In such moments, Yadav predicts incumbents will “file lawsuits, strong-arm new startups or overly-protect IP—but what consumers want will end up winning anyway, as it always has, historically.” For Zingroll, that means staying strictly aligned with what audiences actually click, binge and share, even as the legal and creative landscape shifts.

What’s next for Zingroll

Zingroll’s ambition to establish an AI-centric streaming content has attracted serious early-stage support. The company is backed by A16Z Speedrun, Google’s AI Futures Fund, and Accel.
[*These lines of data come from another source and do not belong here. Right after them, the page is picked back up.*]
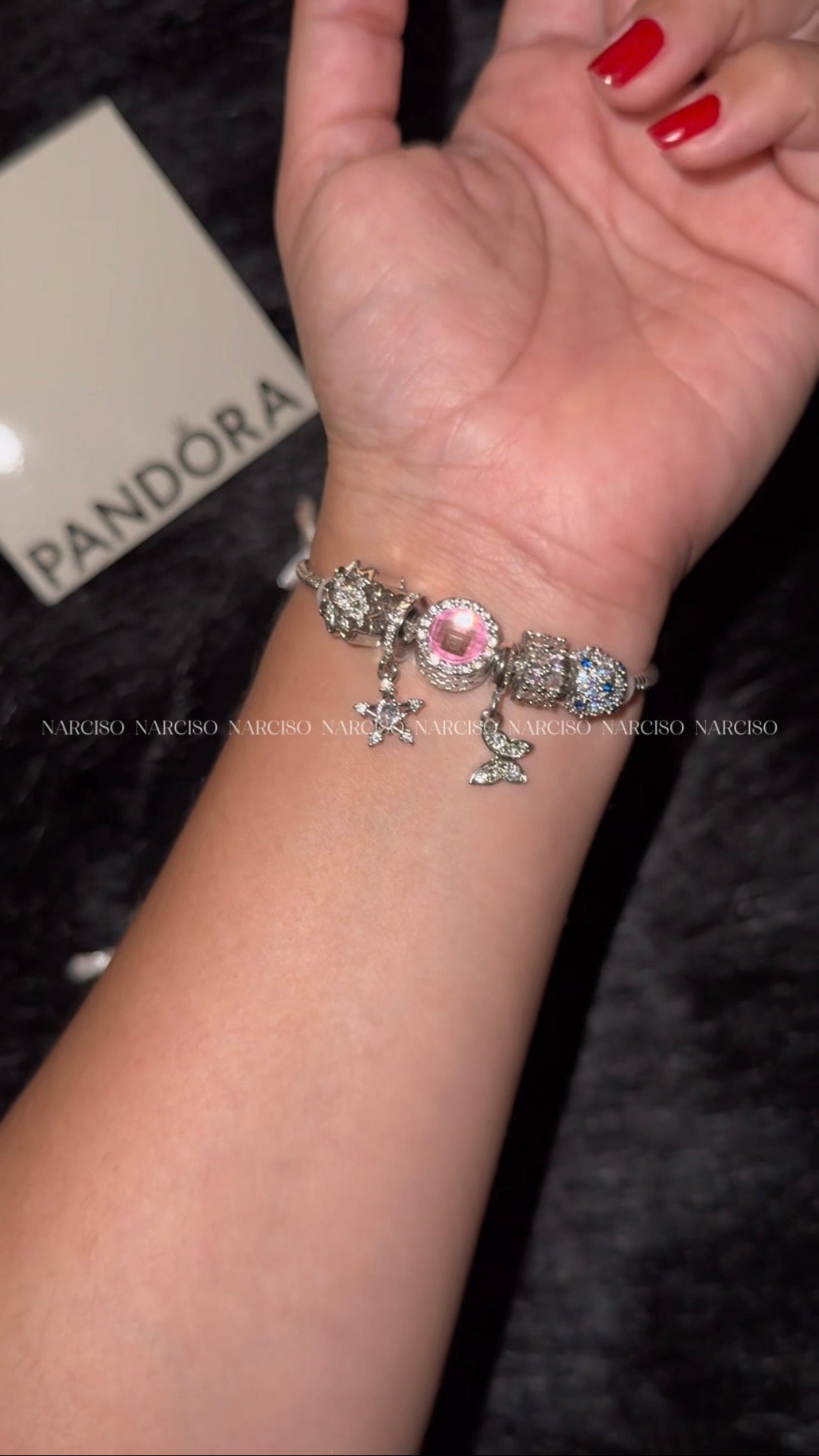 Pandora rosa mariposa, flor y estrella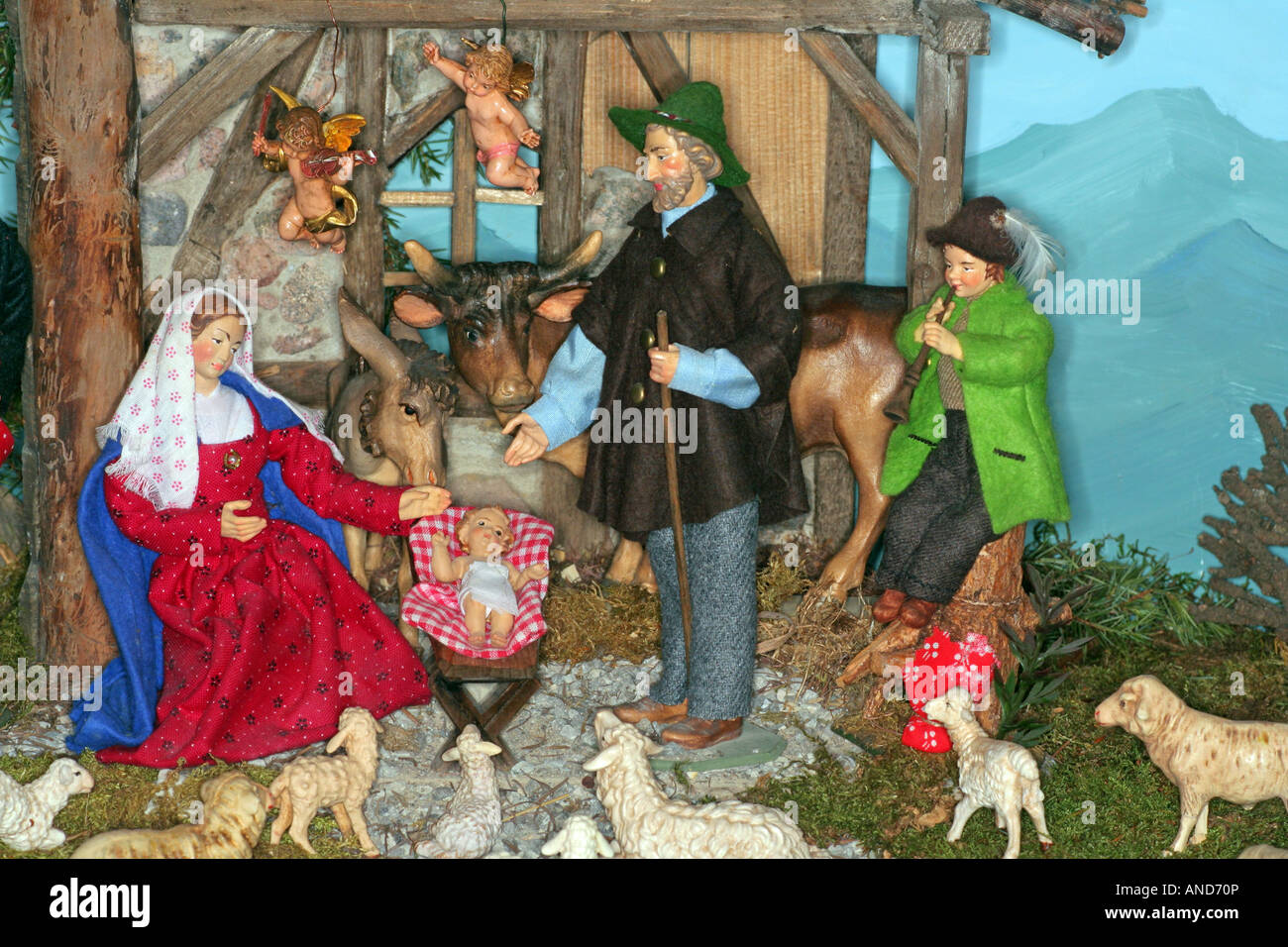 Bavarian sculptured Christmas nativity scene made in Oberammergau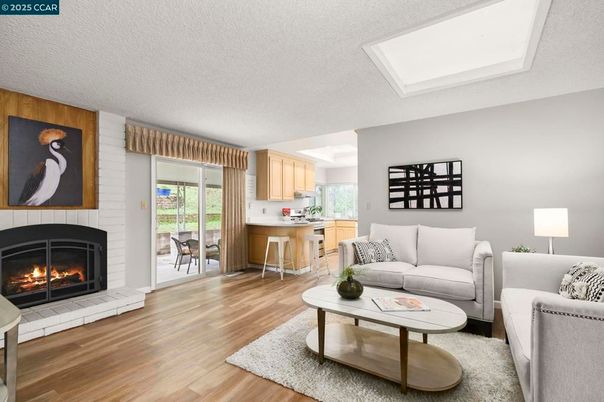 Fireplace, Interior, Kitchen, Living room, Wood Texture Flooring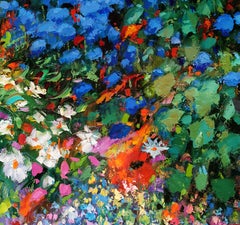 Flowery Meadow oil Landscape Painting on Canvas, 2025, 85cm x 120cm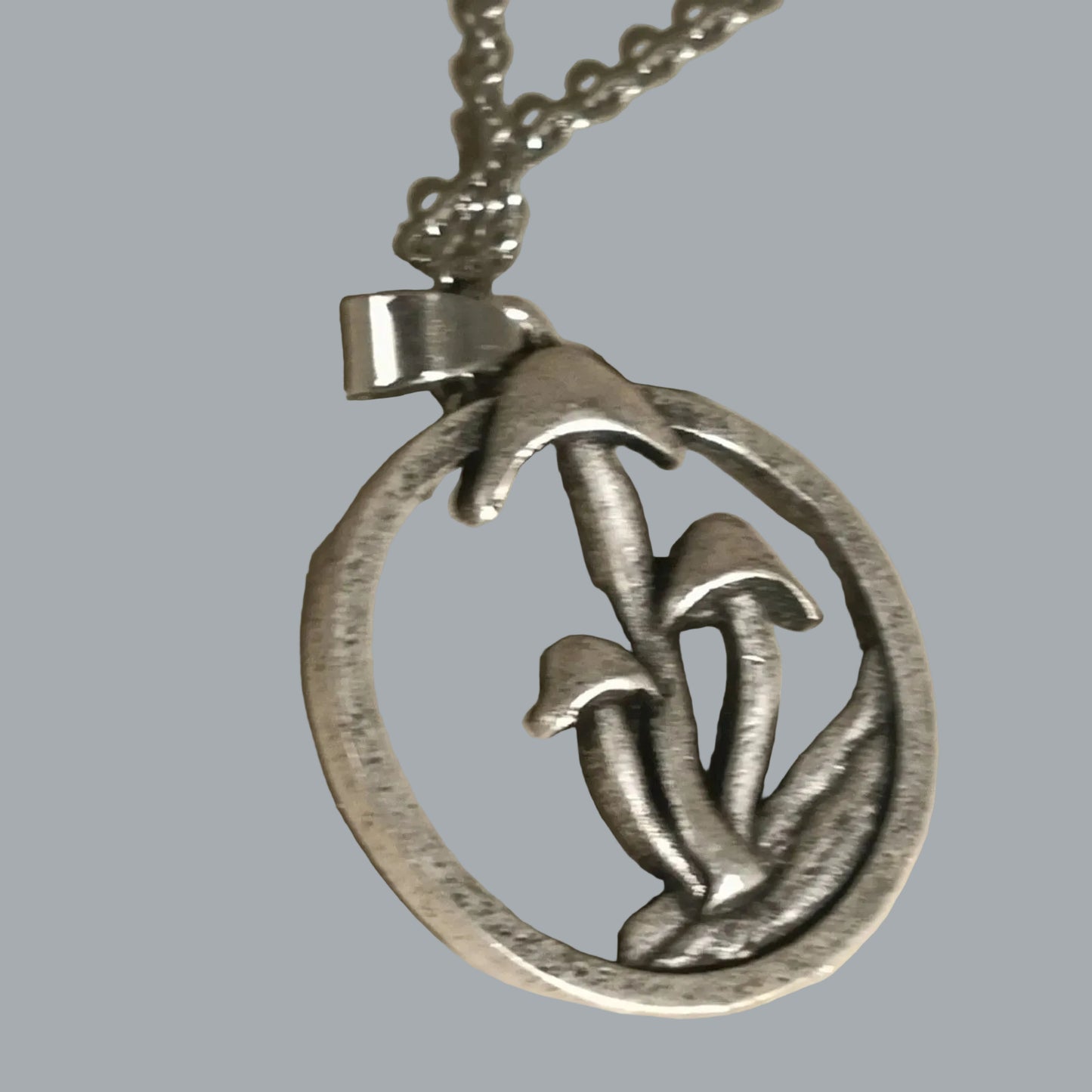 Silver Tone Mushroom Circle Pendant Necklace 19" Chain Nature Woodland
Zingroll recently hit the headlines for becoming a part of the Atoms AI Cohort 2026, an achievement that could help take the company a leap into the future. 

Yadav’s team, now consisting of 27 people, is split between New Delhi and San Francisco, combining deep AI expertise with storytelling and product design. This dual-location presence lets the startup sit inside both the Silicon Valley ecosystem and India’s exploding content and creator economy.

Yadav also shared the timeline he’s working toward. “In three months from now, Zingroll will start releasing mainstream hits—as model quality crosses cinematic thresholds. 2026 will be the year when mainstream cinema changes forever, and hopefully Zingroll will lead that change globally.”